**Task item:**
Strip the pictures and reproduce the rest of the listing exactly.

___ Data block

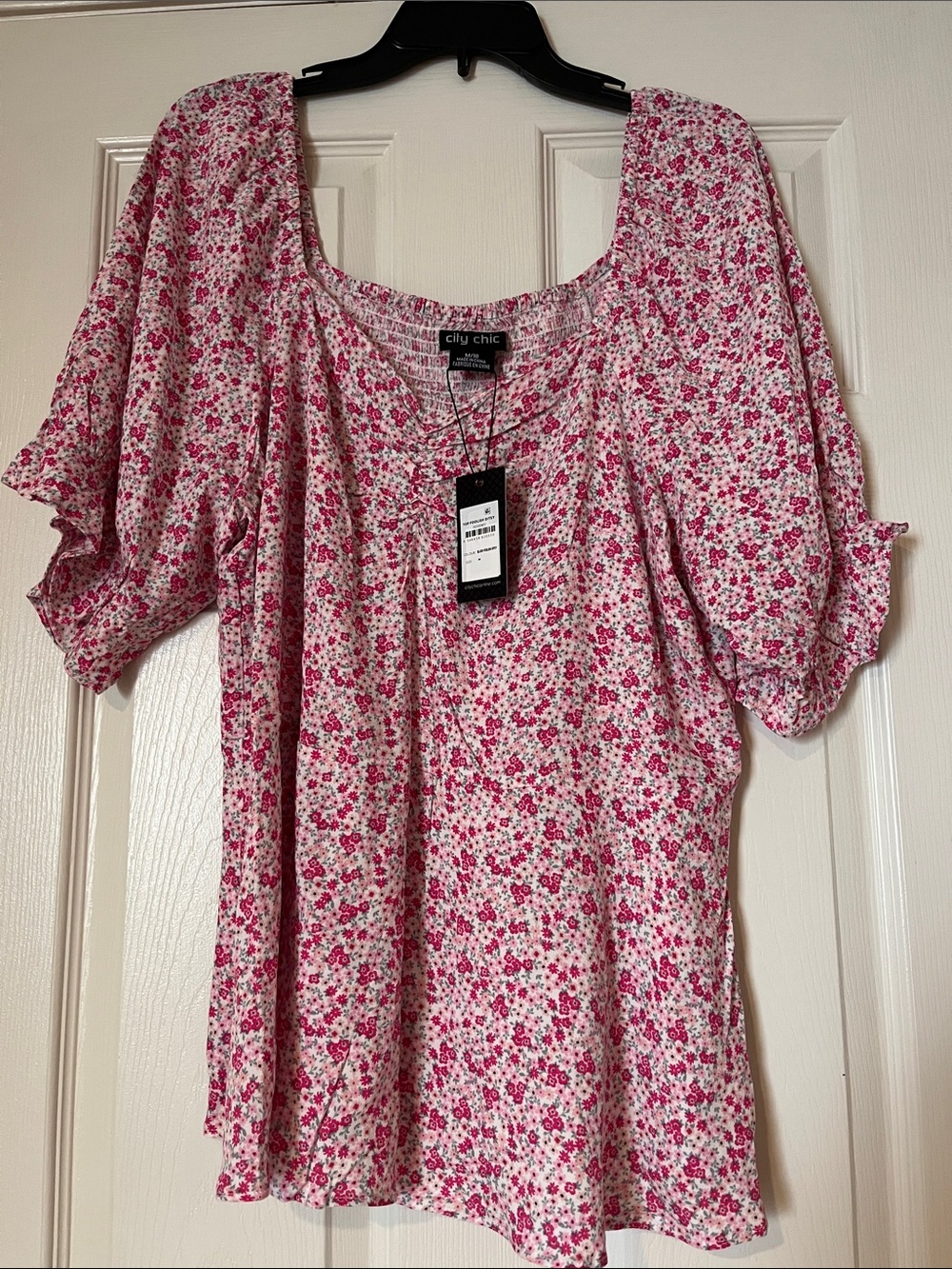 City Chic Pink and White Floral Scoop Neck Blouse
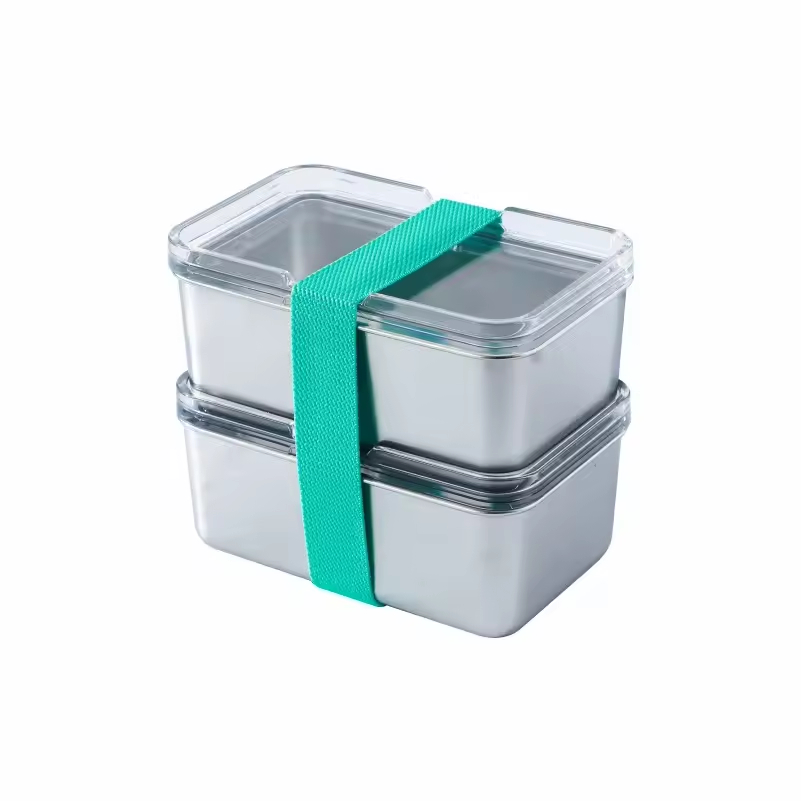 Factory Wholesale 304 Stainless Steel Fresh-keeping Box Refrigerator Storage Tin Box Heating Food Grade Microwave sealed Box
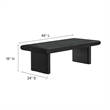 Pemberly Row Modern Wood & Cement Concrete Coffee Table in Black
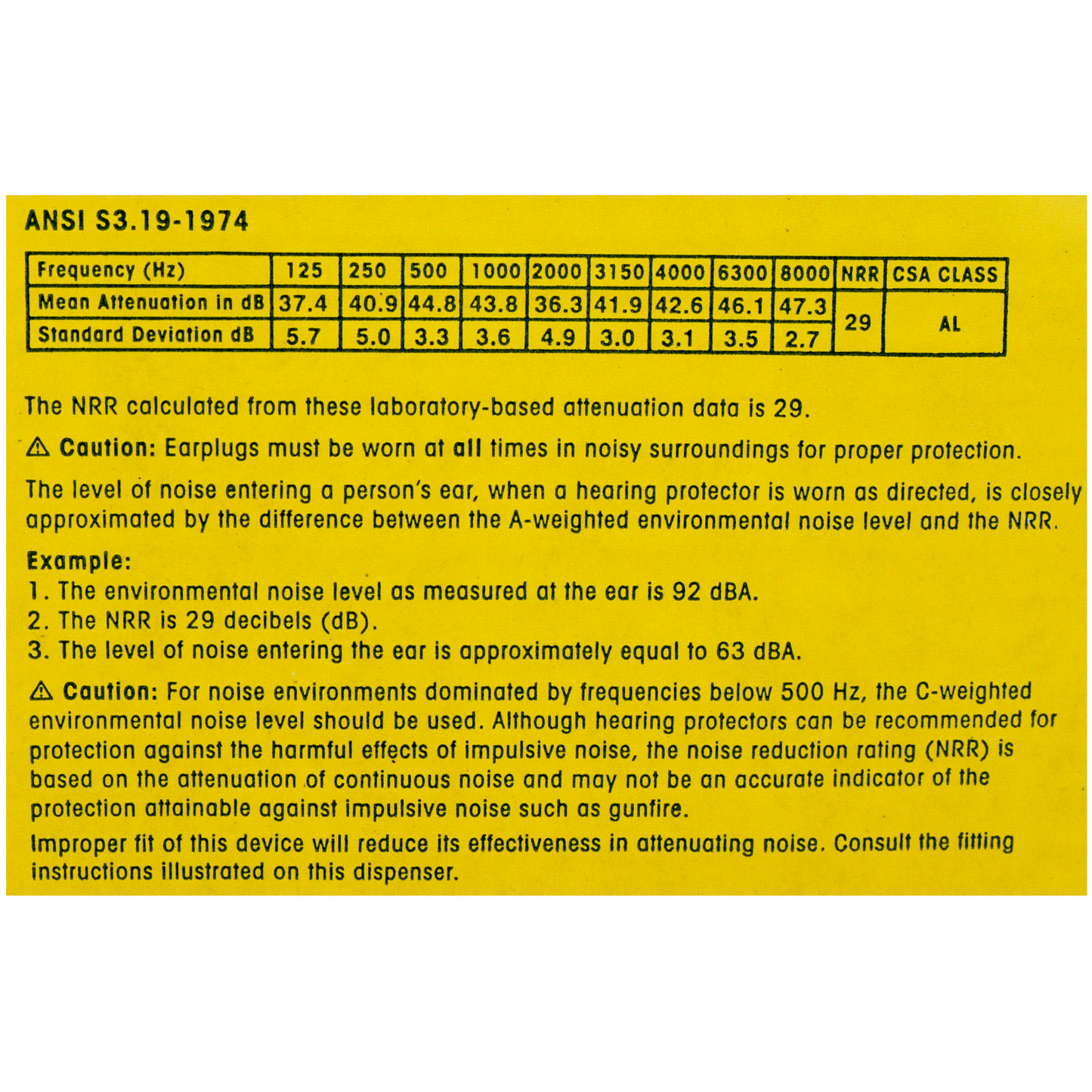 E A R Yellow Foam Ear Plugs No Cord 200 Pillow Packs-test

______

**Answer to the problem:**
 City Chic Pink and White Floral Scoop Neck Blouse
 Factory Wholesale 304 Stainless Steel Fresh-keeping Box Refrigerator Storage Tin Box Heating Food Grade Microwave sealed Box
 Pemberly Row Modern Wood & Cement Concrete Coffee Table in Black
 E A R Yellow Foam Ear Plugs No Cord 200 Pillow Packs-test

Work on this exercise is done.